Pour s’en tenir à ce seul impôt sur le revenu, il apparaît selon plusieurs études (Institut des politiques publiques  ou un rapport récent de l’Assemblée nationale notamment) que tout en haut de la pyramide le taux d’imposition  « réel » descend à 26%. Non pas parce que « trop d’impôt tue l’impôt » mais plutôt parce que « quand le revenu est au plus haut,   il échappe à l’impôt ». Un nouveau théorème…

Les raisons -légales- de ces échappatoires  sont assez simples. Elles vont du prélèvement forfaitaire (de 30%) sur les revenus du capital) -la fameuse flat-tax introduite par MACRON dès son arrivée à l’Élysée- à l’utilisation systématique et récurrente des niches fiscales.

De quoi s’agit-il, que sont ces niches fiscales pudiquement baptisées « dépenses fiscales » par BERCY ?

Ce sont des exemptions partielles ou totales d’impôt sur le revenu qui vont de l’achat d’un bien immobilier destiné à la location à l’investissement dans les DOM-COM  (les départements et collectivités d’outre-mer) sans compter les 10% d’abattements au bénéfice des retraités qu’il serait, dit-on, question de supprimer...

On en décompte près de 500 de ces niches fiscales dont profitent les particuliers  ce qui représenterait au bas mot 80 milliards par an, le double de ce que veut « économiser » le gouvernement.

Une note de la Cour des Comptes datant de 2023, englobant les avantages fiscaux (encore des niches) destinés aux entreprises, « recensait 465 dispositions fiscales dérogatoires qui correspondent à une diminution de recettes de l’Etat d’environ 94 milliards d’euros (soit 29,1 % des recettes fiscales nettes de l’Etat) »

Certes, tout n’est pas à jeter dans ce salmigondis.
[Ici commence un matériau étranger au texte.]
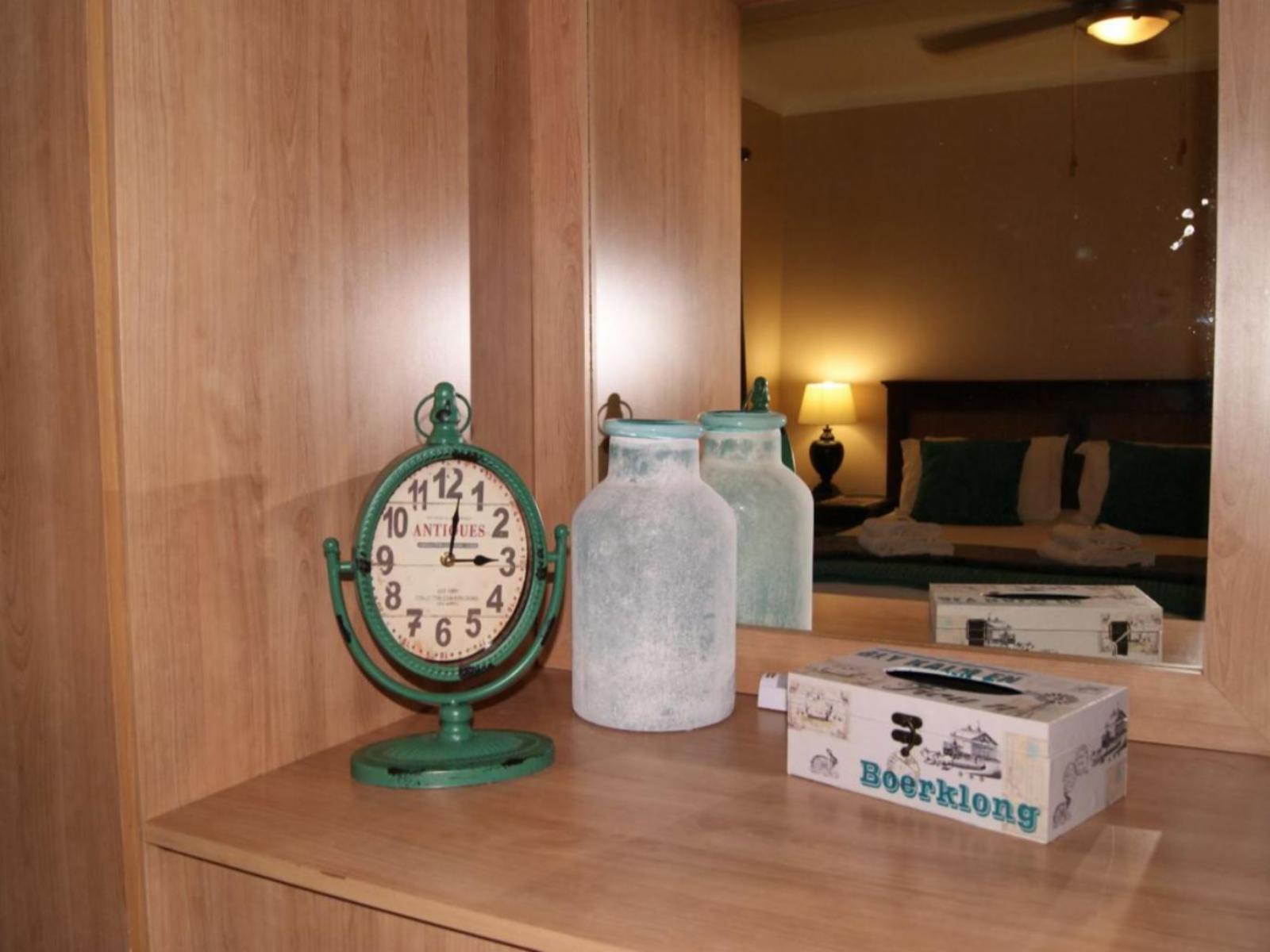 Room 1 — Decorative detail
Certaines niches sont même fort utiles comme celles concernant les dons aux associations, ou les aides à la rénovation énergétique des bâtiments… d’autres sont plus discutables, notamment celles utilisées par les contribuables les plus aisés, citons : 

-          l’investissement dans un plan d’épargne en action avec exonération d’impôt sur les plus-values après 5 ans

-          l’investissement  dans un immeuble classé ou un bien ancien à rénover (dispositif initié par MALRAUX)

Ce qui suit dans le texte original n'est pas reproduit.